Lo curioso del perdón que nos llega por esta arteria ligada al Dios de Jesús es que es un perdón incondicional, infinito y siempre renovable. No se agota. Al ser un don y no una fabricación, de este perdón podemos beber hasta los últimos segundos de nuestra vida. Porque nuestra condición de seres frágiles sólo puede ser sostenida por un perdón de estas características. Entonces, cuando caemos en la cuenta de la abundancia de amor que viene de esta fuente es que todos los demás vínculos se alimentan de allí. He aquí la fundamental retroalimentación de nuestras cuatro dimensiones.
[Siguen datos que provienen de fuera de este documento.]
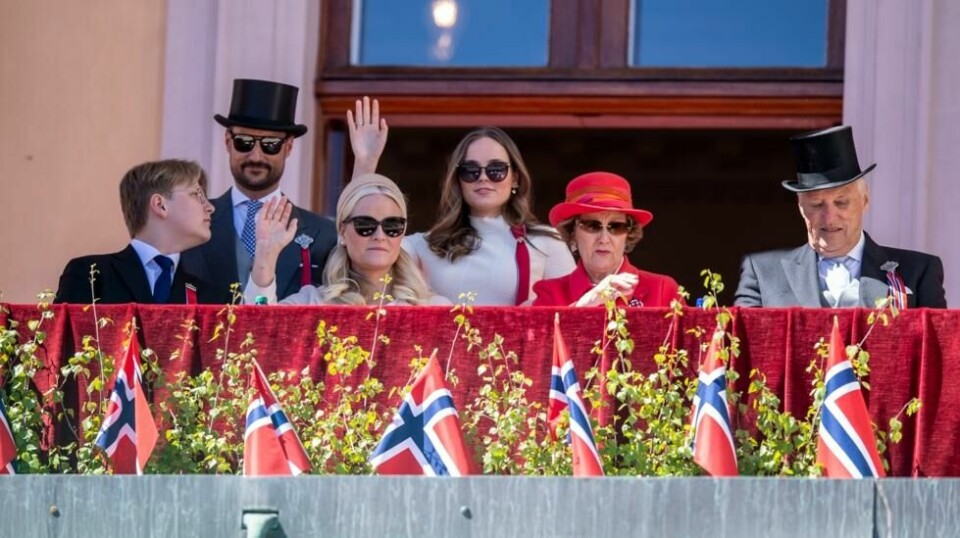 Kongefamilien vinker fra balkongen under nasjonaldagsfeiringen i Slottsparken i Oslo i 2022.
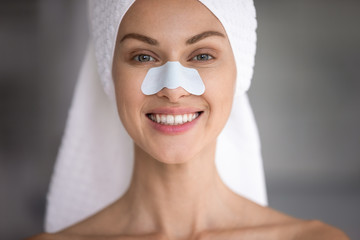 Close up head shot happy attractive lady with cleansing strip on nose looking at camera. Portrait...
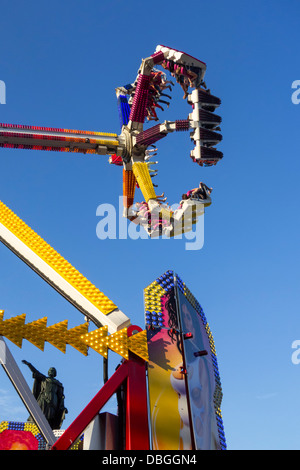 Excited thrillseekers / thrill seekers having fun on fairground attraction G Force at travelling funfair / traveling fun-fair Stock Photo
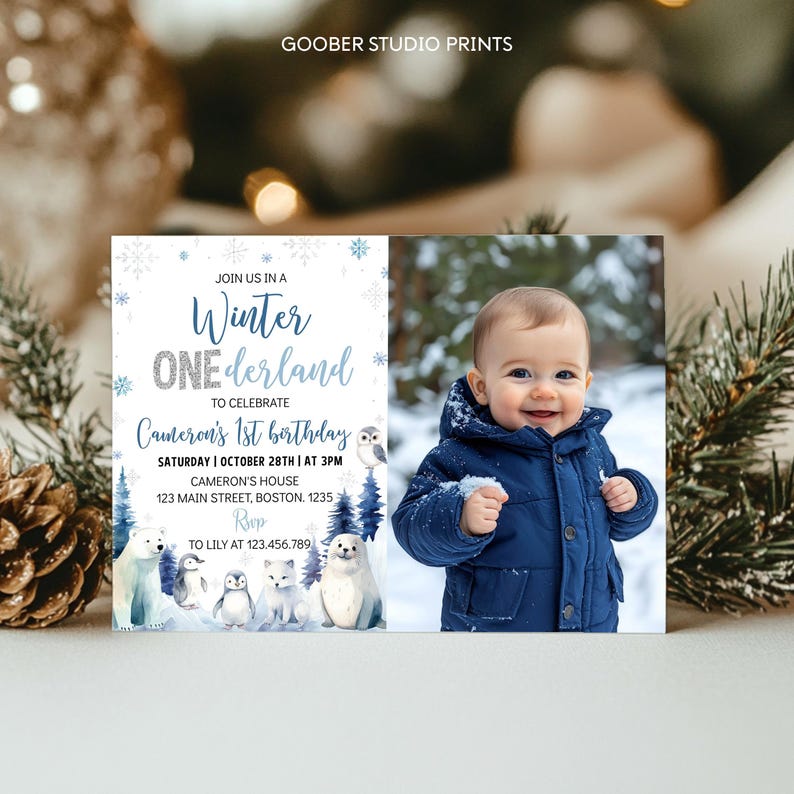 May include: A rectangular birthday invitation card featuring a Winter ONEderland theme with blue snowflakes, arctic animals, and text reading Join us in a Winter ONEderland to celebrate Cameron's 1st birthday, plus a photo of a child in a blue coat.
En efecto, el perdón toca desde estas cuatro puertas al corazón del la mujer y el hombre honestos. Desde la creación el perdón llama a reconciliarnos con el mundo. Desde nosotros mismos el perdón llama para que nos reconciliemos con lo que somos. Desde los demás el perdón pide permiso para crear fraternidad. Desde el Dios de Jesús el perdón llama como un médico que viene a curar las heridas.
Eso sí, al abrir algunas de estas cuatro puertas debemos tener presente que las demás estallarán dejando paso a un tiempo de esperanza y gozo que más de una vez le desearemos a aquellas personas que viven a nuestro alrededor.